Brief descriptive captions
####################

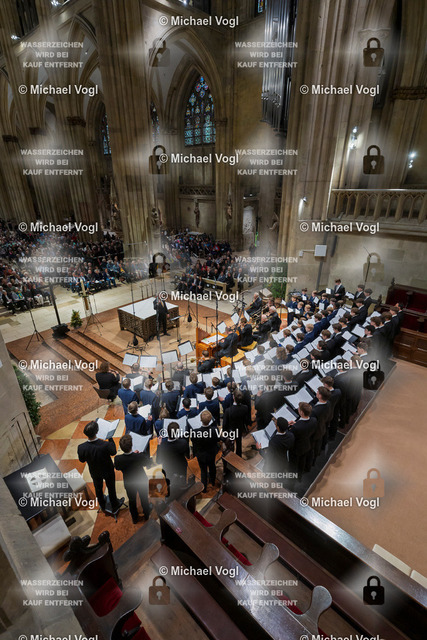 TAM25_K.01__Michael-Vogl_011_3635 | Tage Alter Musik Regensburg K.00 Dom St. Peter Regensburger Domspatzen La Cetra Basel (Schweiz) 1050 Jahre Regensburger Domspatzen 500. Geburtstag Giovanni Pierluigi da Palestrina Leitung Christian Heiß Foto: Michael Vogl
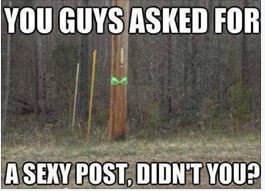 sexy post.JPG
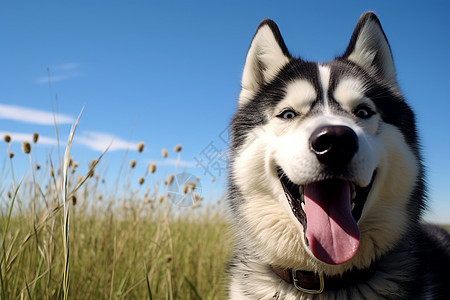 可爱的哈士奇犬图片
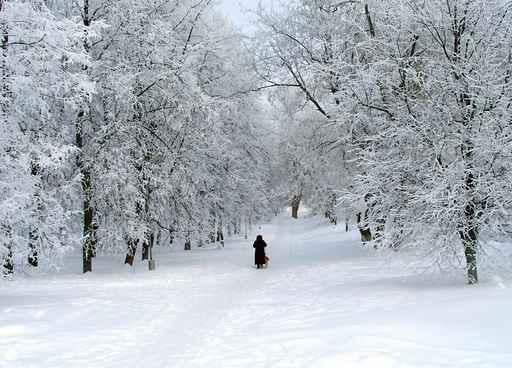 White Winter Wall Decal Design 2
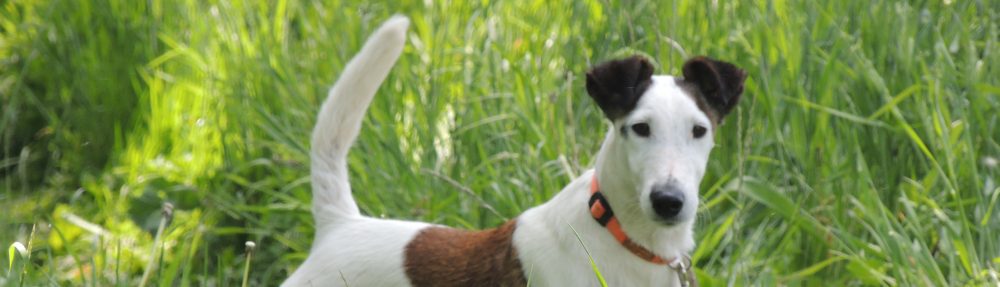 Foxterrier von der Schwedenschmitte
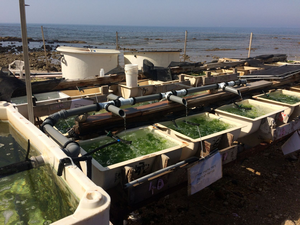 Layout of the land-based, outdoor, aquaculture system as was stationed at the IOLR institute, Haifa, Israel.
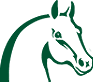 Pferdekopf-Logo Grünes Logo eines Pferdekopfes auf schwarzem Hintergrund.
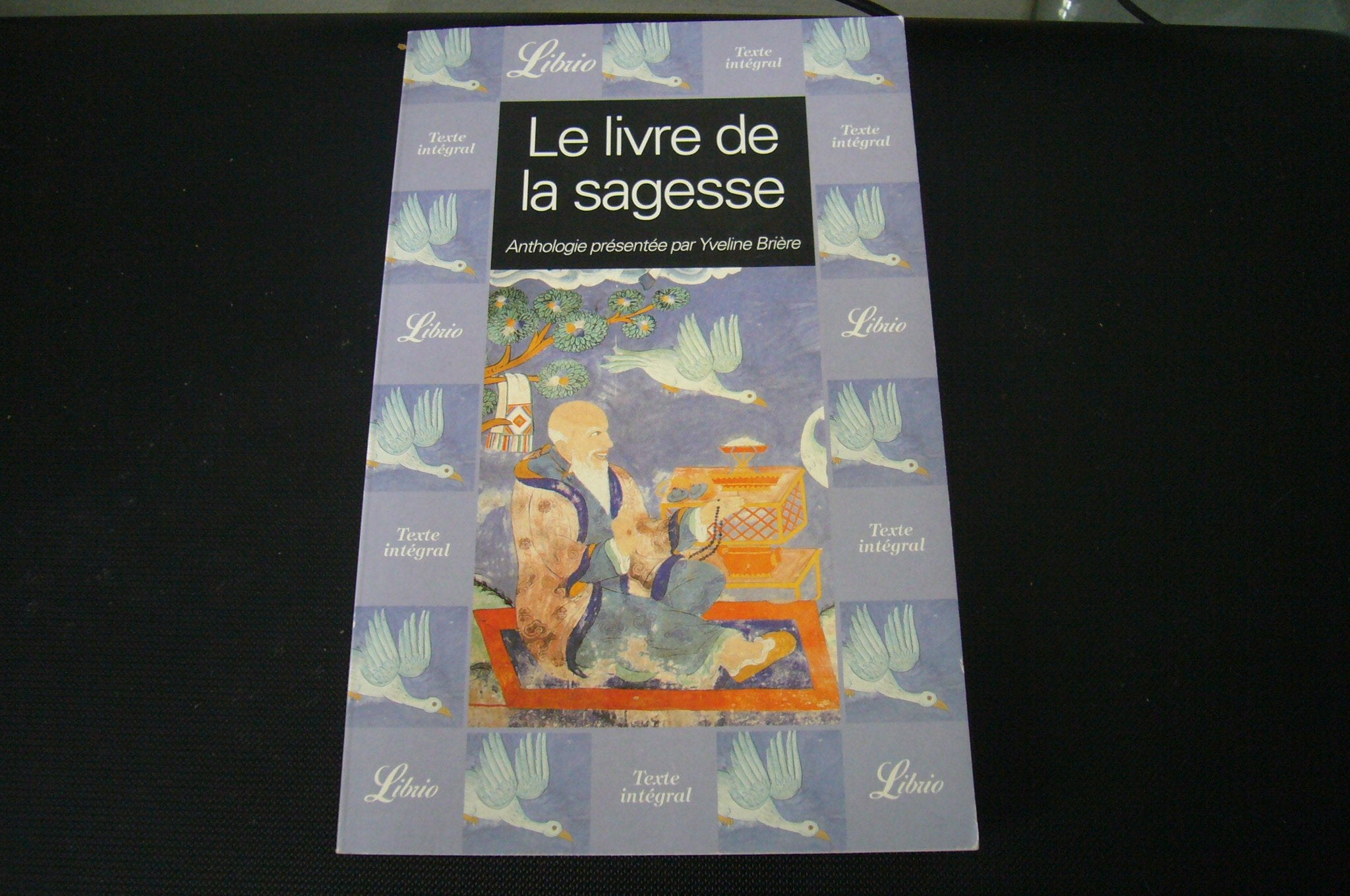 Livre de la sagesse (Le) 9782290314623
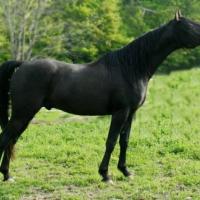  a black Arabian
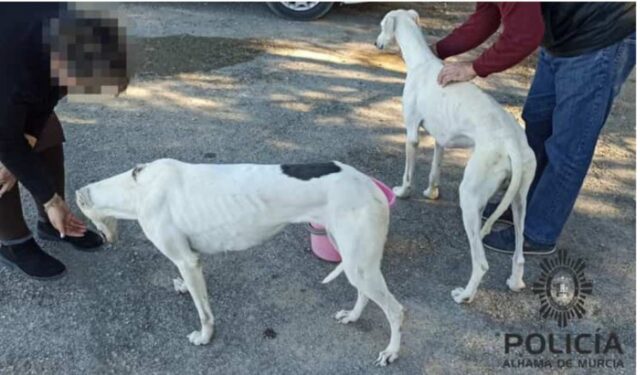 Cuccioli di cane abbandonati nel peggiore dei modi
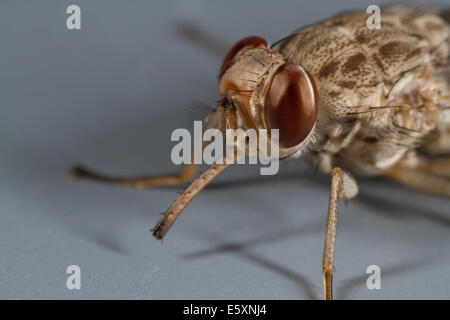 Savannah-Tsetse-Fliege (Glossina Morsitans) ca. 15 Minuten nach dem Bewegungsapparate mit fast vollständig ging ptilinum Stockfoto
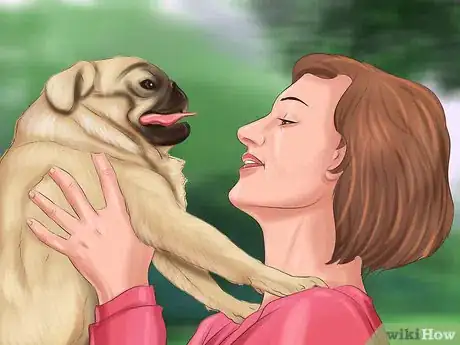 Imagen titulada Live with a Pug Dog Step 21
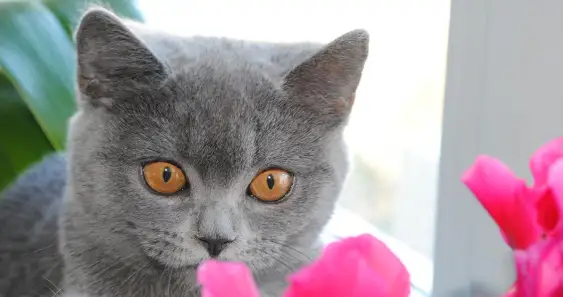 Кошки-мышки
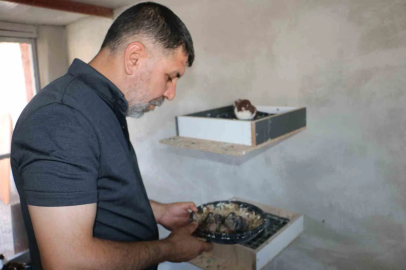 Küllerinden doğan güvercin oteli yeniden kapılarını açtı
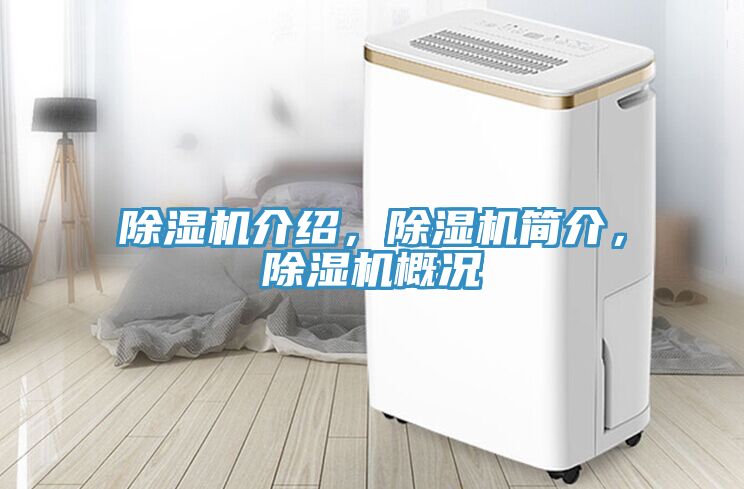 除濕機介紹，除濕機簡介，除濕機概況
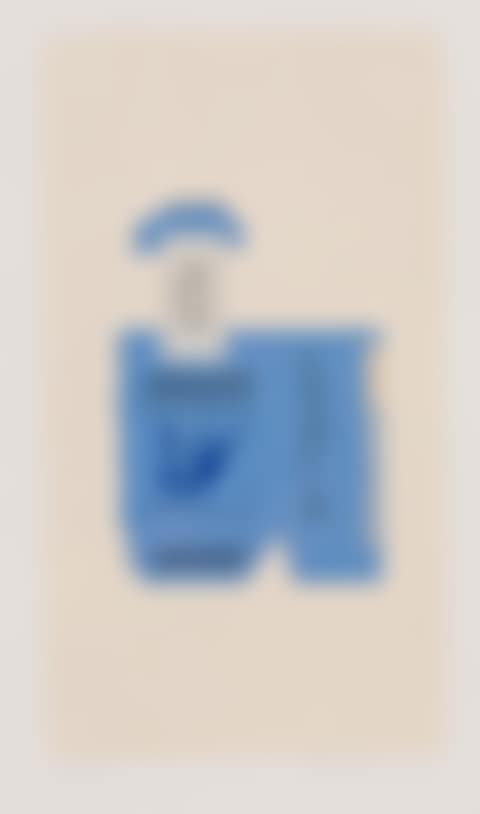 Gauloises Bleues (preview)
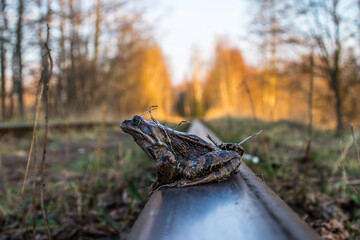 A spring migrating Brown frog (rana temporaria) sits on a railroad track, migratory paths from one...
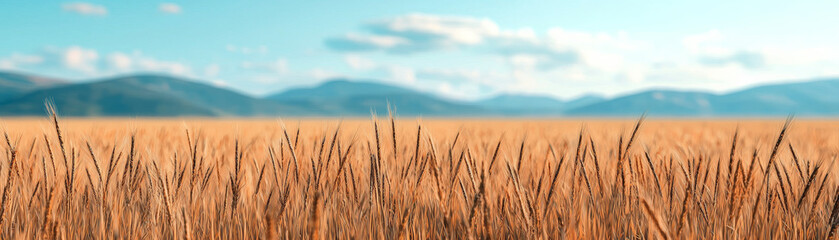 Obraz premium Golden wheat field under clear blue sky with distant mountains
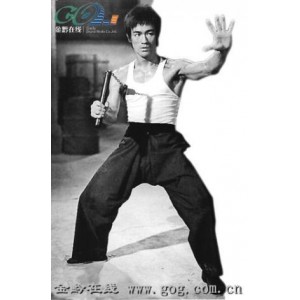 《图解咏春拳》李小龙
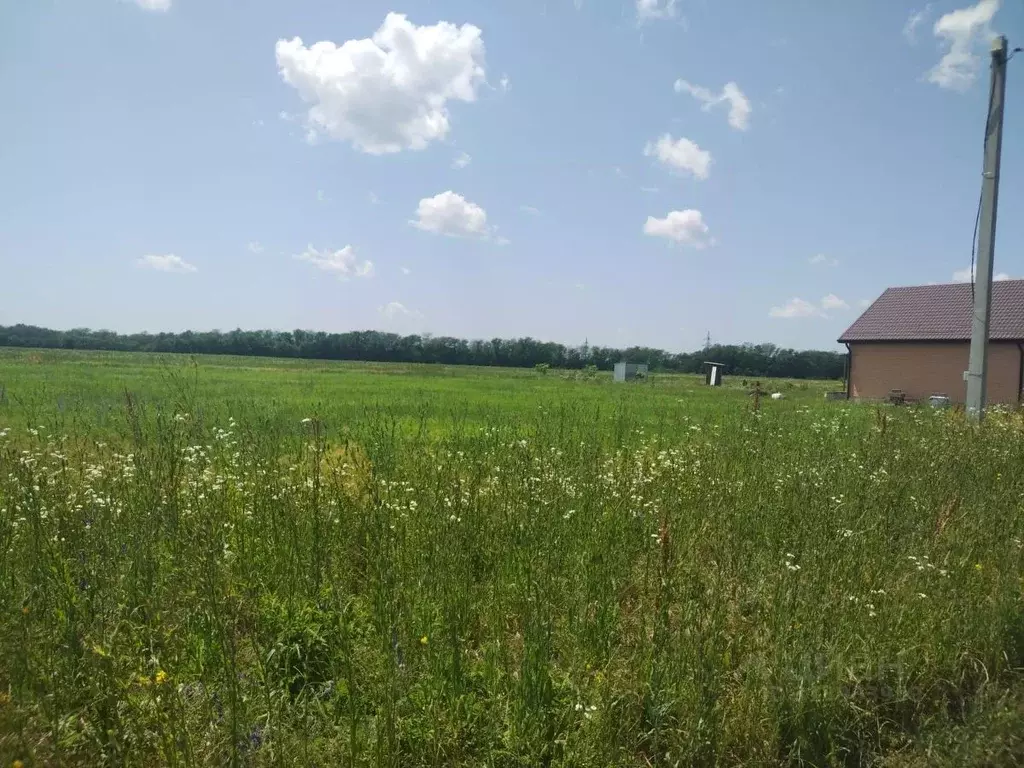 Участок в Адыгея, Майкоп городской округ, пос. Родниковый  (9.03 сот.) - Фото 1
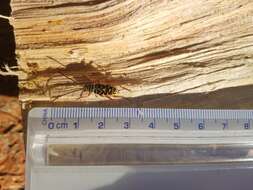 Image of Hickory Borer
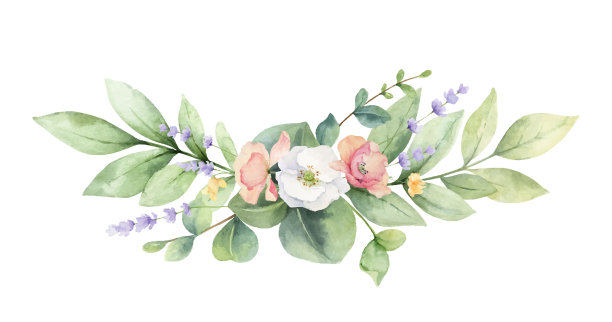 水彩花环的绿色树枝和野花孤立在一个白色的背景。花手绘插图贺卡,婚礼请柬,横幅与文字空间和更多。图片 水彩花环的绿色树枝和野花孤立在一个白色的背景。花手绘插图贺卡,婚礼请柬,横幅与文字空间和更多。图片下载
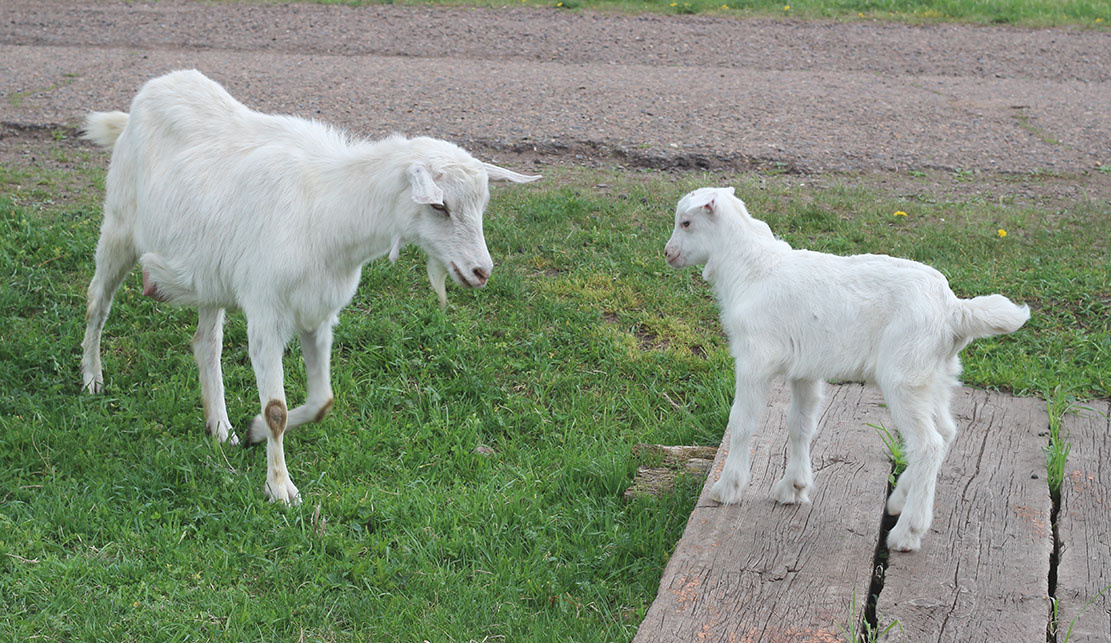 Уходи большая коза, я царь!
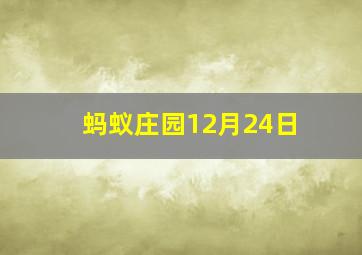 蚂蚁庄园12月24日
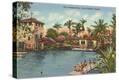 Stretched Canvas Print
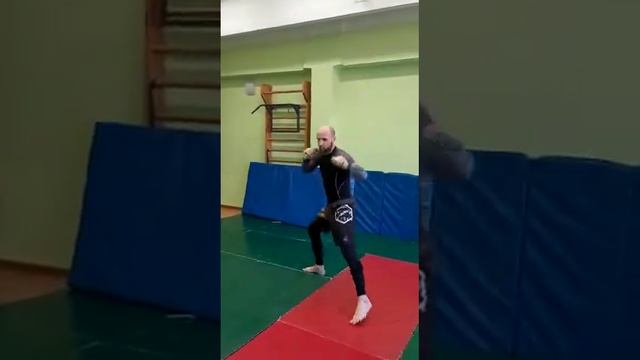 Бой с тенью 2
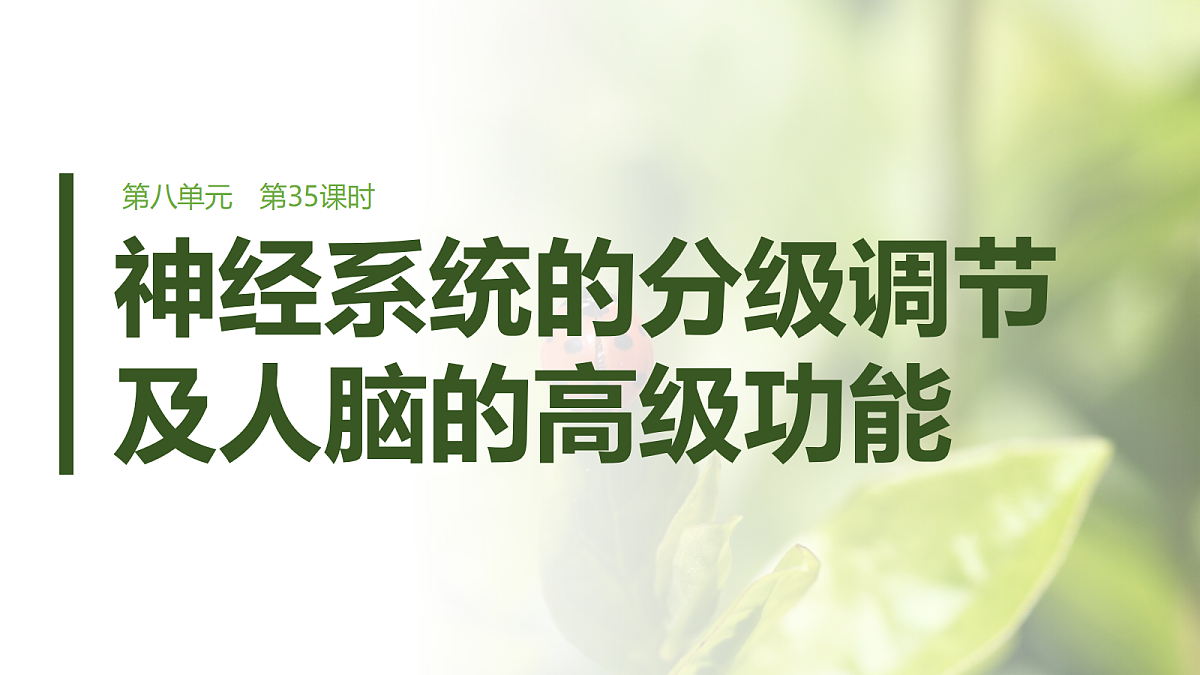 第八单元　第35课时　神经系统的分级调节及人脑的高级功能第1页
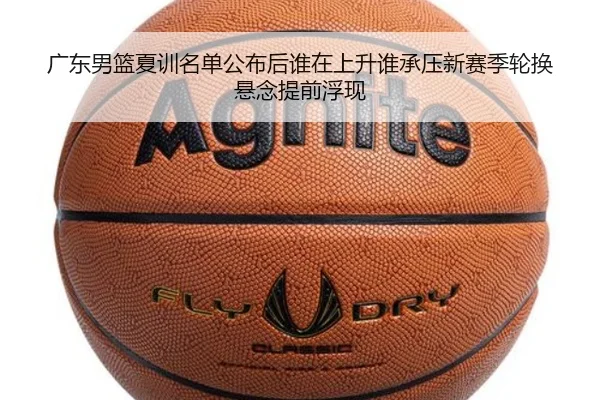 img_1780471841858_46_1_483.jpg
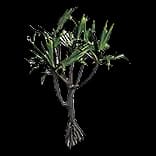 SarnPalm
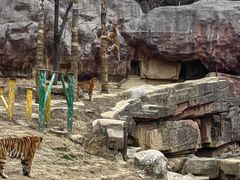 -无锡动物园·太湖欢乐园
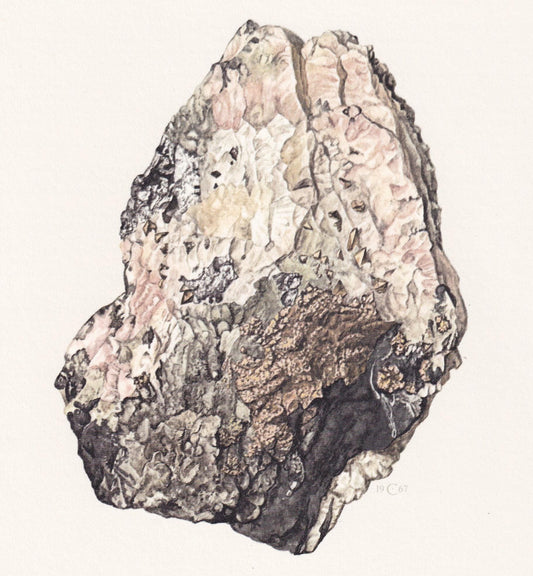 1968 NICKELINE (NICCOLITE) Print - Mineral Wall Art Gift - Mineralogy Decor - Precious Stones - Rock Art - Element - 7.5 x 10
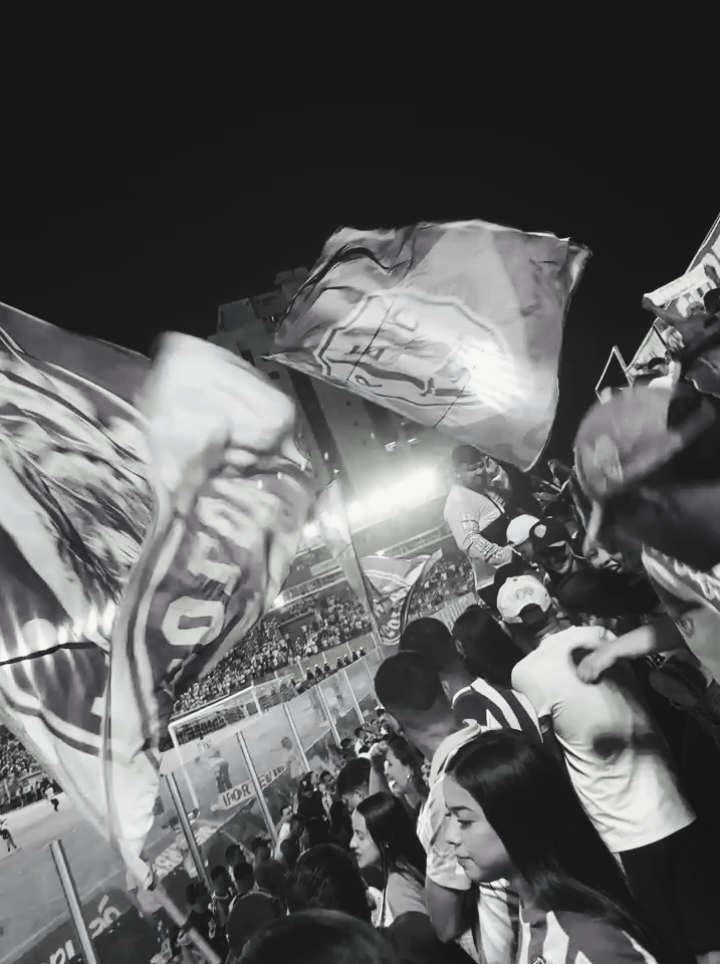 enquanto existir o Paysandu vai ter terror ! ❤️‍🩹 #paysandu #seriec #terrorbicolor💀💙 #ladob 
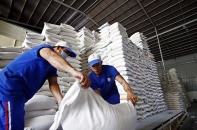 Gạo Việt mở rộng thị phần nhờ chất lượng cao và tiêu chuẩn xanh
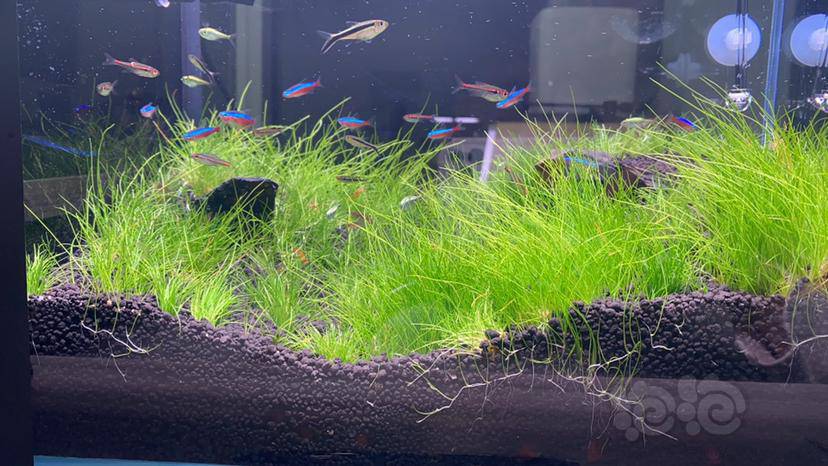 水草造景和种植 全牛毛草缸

####################

* **EXERCISE OBJECTIVE**: Each line from the one that holds "Stretched Canvas Print" through the final line of the data must be retyped exactly; the pictures must not appear.

* **TASK ANSWER**:
 Stretched Canvas Print
 Бой с тенью 2
 第八单元　第35课时　神经系统的分级调节及人脑的高级功能第1页
 img_1780471841858_46_1_483.jpg
 SarnPalm
 -无锡动物园·太湖欢乐园
 1968 NICKELINE (NICCOLITE) Print - Mineral Wall Art Gift - Mineralogy Decor - Precious Stones - Rock Art - Element - 7.5 x 10
 enquanto existir o Paysandu vai ter terror ! ❤️‍🩹 #paysandu #seriec #terrorbicolor💀💙 #ladob 
 Gạo Việt mở rộng thị phần nhờ chất lượng cao và tiêu chuẩn xanh
 水草造景和种植 全牛毛草缸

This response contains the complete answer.